I'm surprised your grandparents said they didn't take it seriously, Joe. It seems that a lot of people, kids and adults alike, were marked by the war.
Although I also heard stories of kids finding unexploded bombs and riding on them, which I found very surprising, because that's not something I would have done as a kid if I understood that it was a bomb. I think you're right about our thinking maybe causing us to be more affected by a war.

kraftiekortie wrote:
It’s interesting that Brits call World War II “The War.”

This hasn’t happened in the US.
That's what it's called here too. Maybe it's a European thing?


It was a global thing because it was global war that traumatically changed the whole world.

Don't mean to be attacking him, but Krafty has it ass-backward. Its not that it "hasn't been established in America" (like its trend for the future).

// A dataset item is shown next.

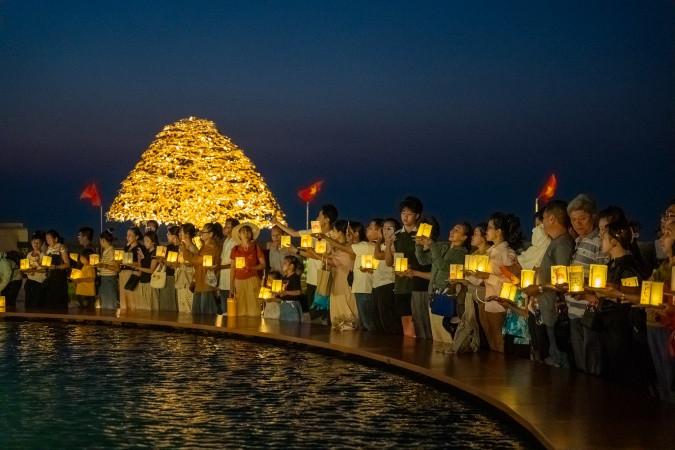 Dâng đăng trên đỉnh núi Bà Đen Dâng đăng trên đỉnh núi Bà Đen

Its that it WAS established in America, but over the decades it gradually faded and trended away in America. But in other parts of the world WWII is still often called simply "the War".

The generation of Americans who came of age during the war (my parents' generation) referred to it as "the War" during the war. And continued to call it that until at least the Vietnam/Sixties era when it started to become confusing (because by then we had had two other wars already). So today it sounds quaint to Americans to read a post from a Brit that calls it "the War" in 2018. But back in my childhood it would not have seemed quaint, because back in Sixties Americans also talked about it that way still. Or at least the older folks talked that way.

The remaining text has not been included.